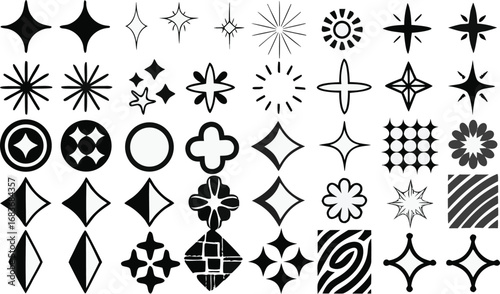 Abstract starburst and diamond shapes vector collection with decorative symbols, retro patterns, glowing icons, geometric elements and design art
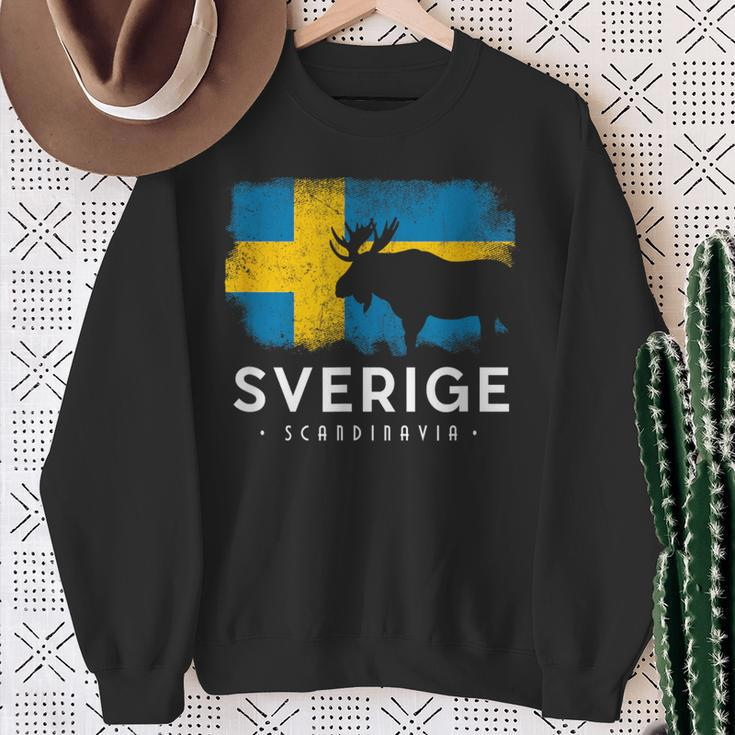 Sweden Scandinavia Swedish Elk Bull Midsomar Sverige Sweatshirt Geschenke für alte Frauen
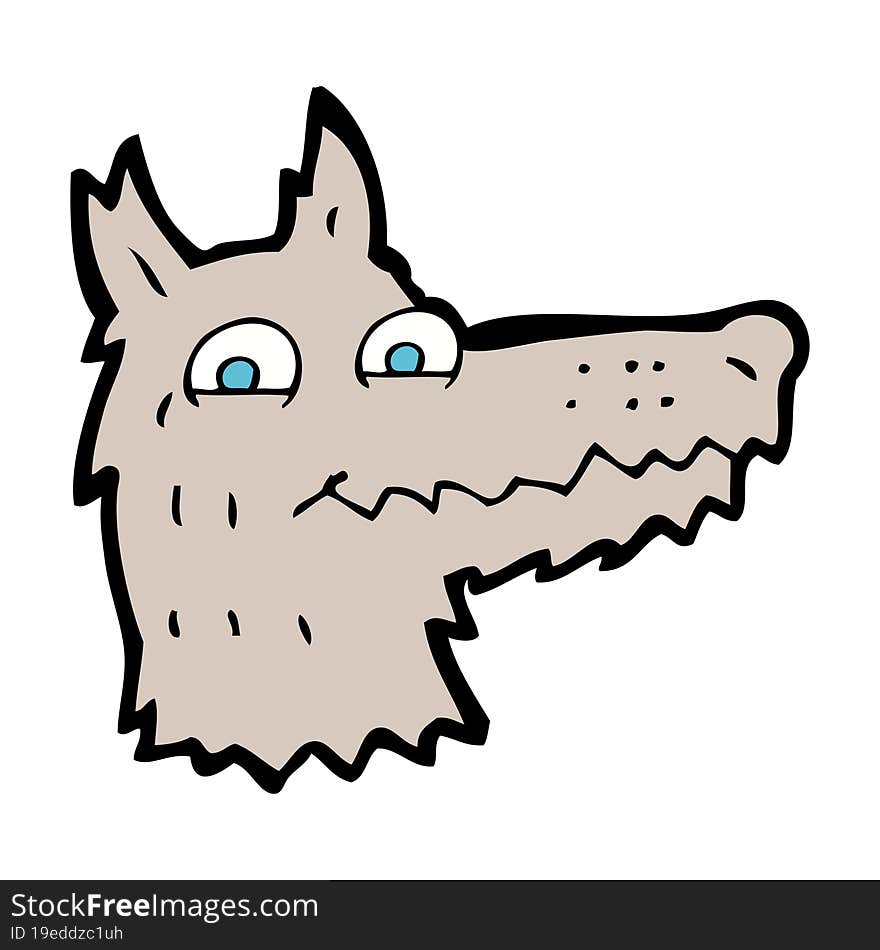 cartoon wolf head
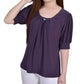 Blusa feminina manga curta balão NY Collection, roxa, tamanho pequeno grande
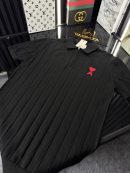 AMİ Polo Yaka Örme Triko Fermuarlı Tshirt /Siyah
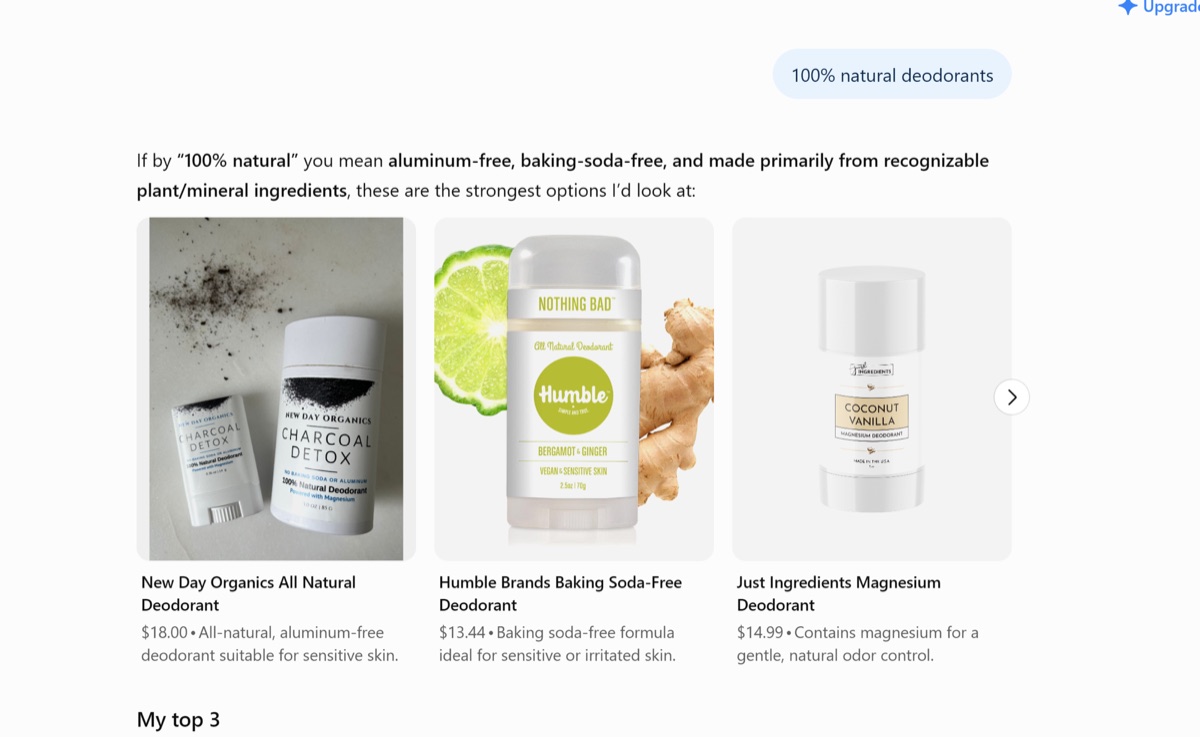 ChatGPT shopping answer showing three recommended deodorant brands with product cards
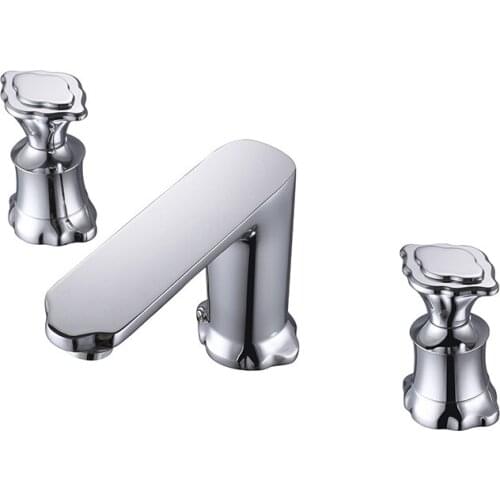 Chrome solid brass bathroom sink faucet 2 handle 3 holes basin mixer faucet tap Hot and cold water faucet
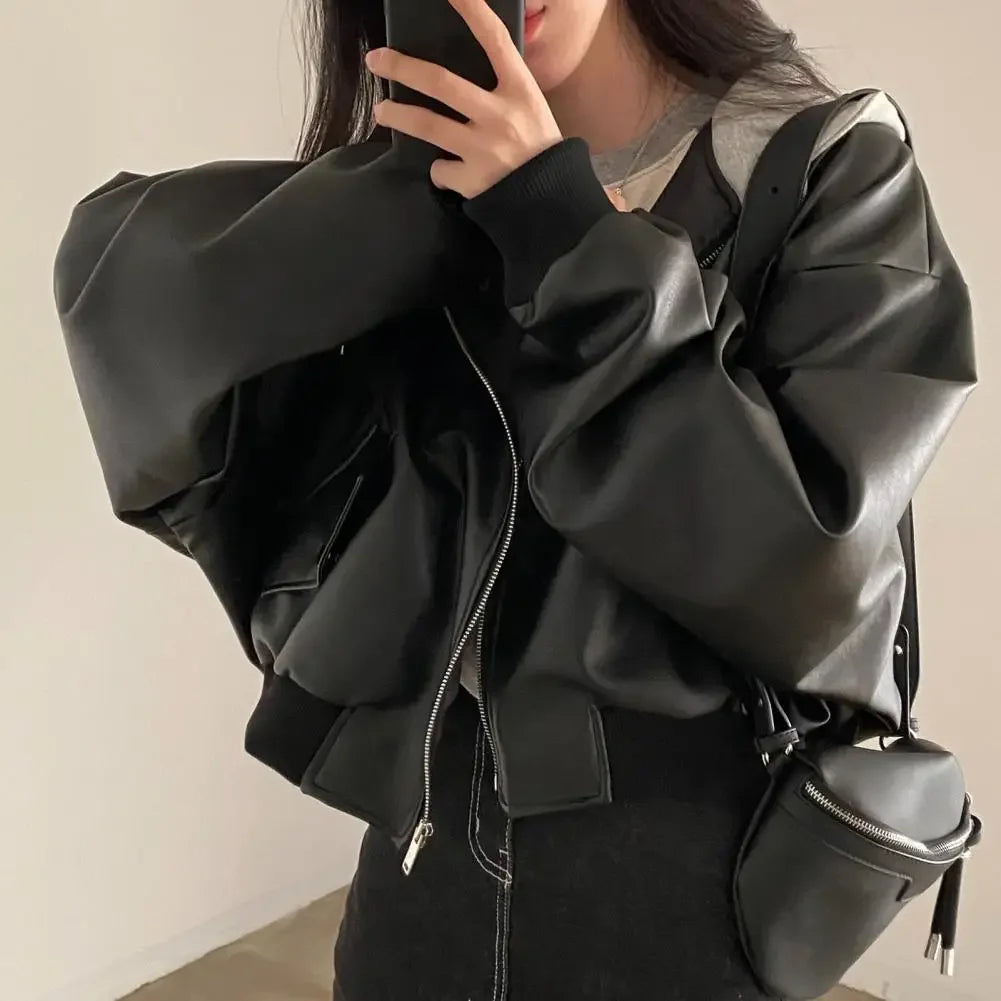 Spring Autumn Women Hooded Jacket Faux Leather Ladies Jacket Fashion Two Piece Short Jackets Female Vintage Casual PU Coat 2025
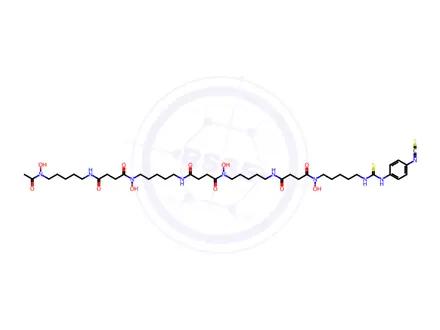 Chemical structure of N1-(8,19-Dihydroxy-1-((4-isothiocyanatophenyl)amino)-9,12,20,23-tetraoxo-1-thioxo-2,8,13,19,24-pentaazanonacosan-29-yl)-N1-hydroxy-N4-(5-(N-hydroxyacetamido)pentyl)succinamide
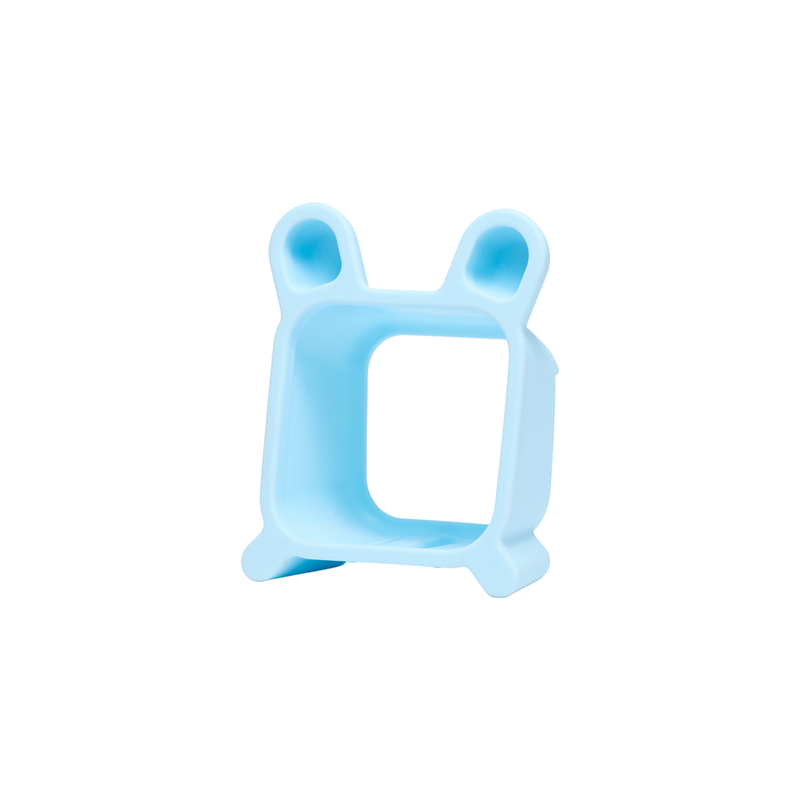 The Time Timer MOD Protect Cover – Bunny by Time Timer is a light blue, square-shaped soft silicone case with rounded edges and two ear-like bunny protrusions on top, shown against a white background.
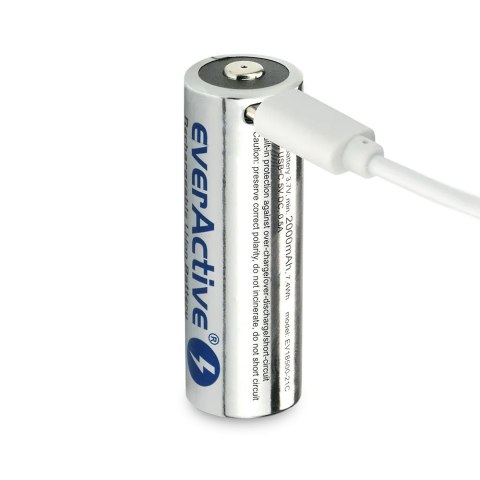 Akumulator 18500 3,7V Li-ion 2100 mAh USB-C EverActive Akumulator 18500 3,7V Li-ion 2100 mAh USB-C EverActive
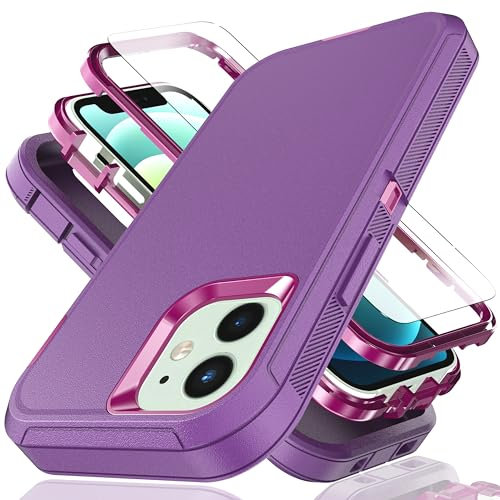 YmhxcY for iPhone 13 mini/iPhone 12 mini 5.4-Inch Case - 3 in 1 Shockproof TPU Hard PC Bumper - Drop-Proof Shell - Purple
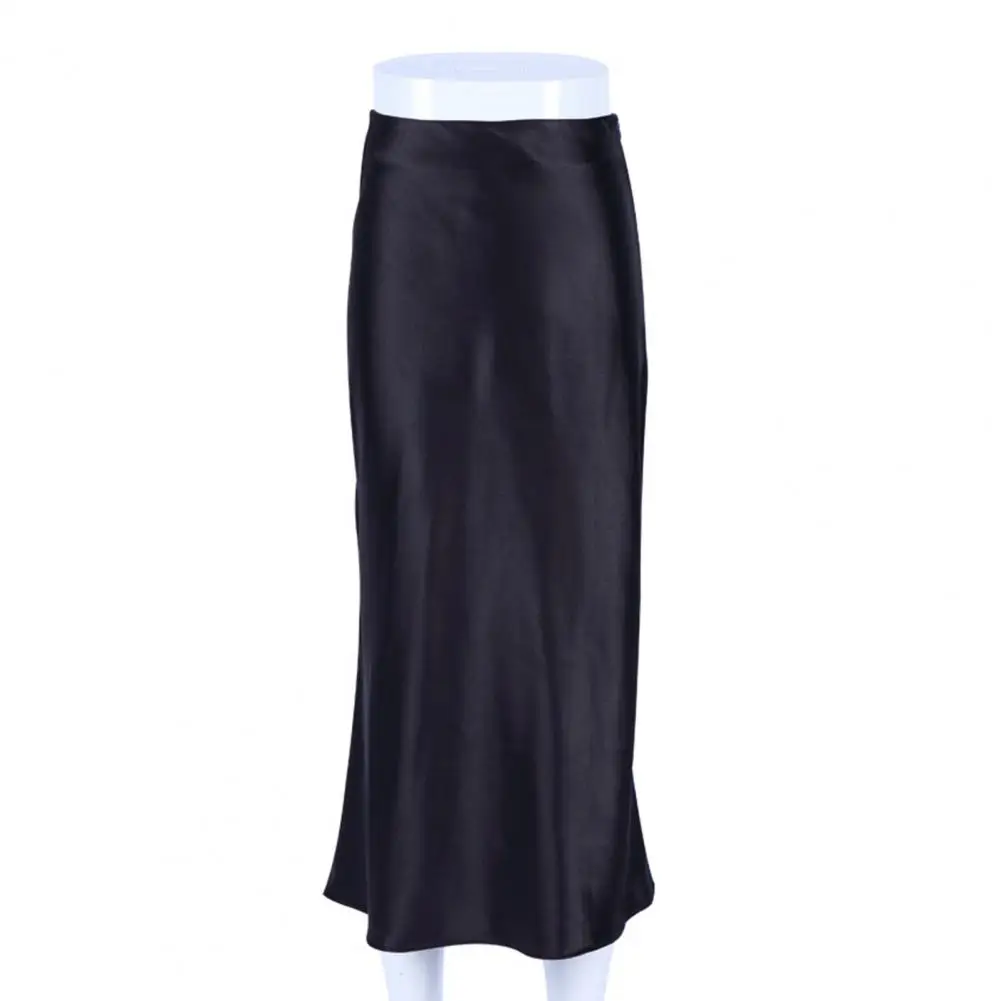 

Satin Drape Midi Skirt Elegant High Waist Satin Midi Skirt for Women Solid Color A-line Dress with Zipper Closure for Parties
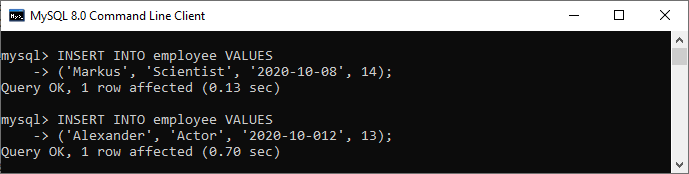 MySQL BEFORE INSERT 触发器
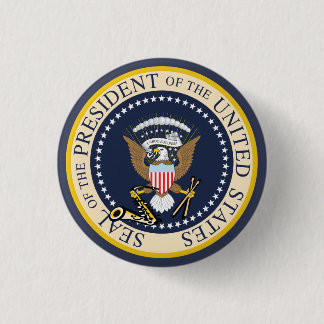 Bill Clinton : Presidentiële zegel : Knoop Ronde Button 3,2 Cm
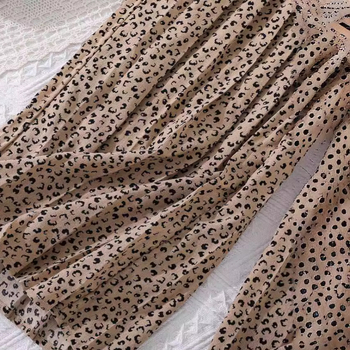 Bl051 Κοριτσίστικα Κοστούμια, Κοντά Μανίκια, Πλισέ Παντελόνια με Φαρδιά Στάμπα, Σετ Δύο Τεμαχίων Χακί Παντελόνια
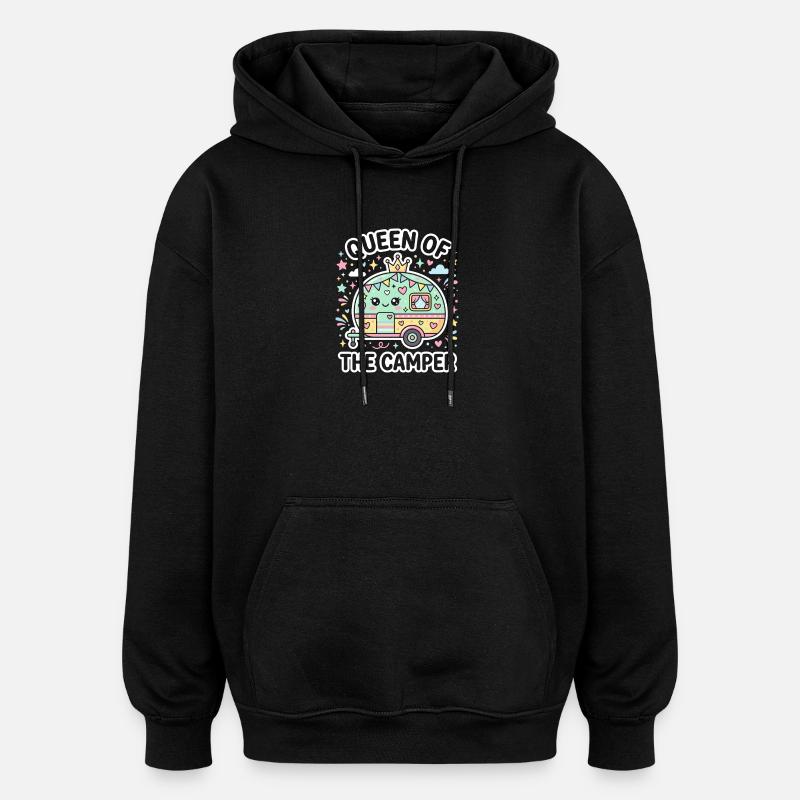 Reine du Camping-caravane Pastel - Sweat à capuche oversize unisexe - noir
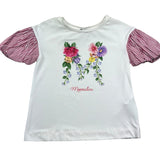 Monnalisa T-Shirt Girocollo Tinta Unita con Maniche In Contrasto per Bambina 117607SF BIANCO MONNALISA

#####

> Try it
Exactly and only the lines from the top of the records down to the line containing "cartoon wolf head" should be transcribed, please, without the pictures.

> Reply
 Abstract starburst and diamond shapes vector collection with decorative symbols, retro patterns, glowing icons, geometric elements and design art
 Sweden Scandinavia Swedish Elk Bull Midsomar Sverige Sweatshirt Geschenke für alte Frauen
 cartoon wolf head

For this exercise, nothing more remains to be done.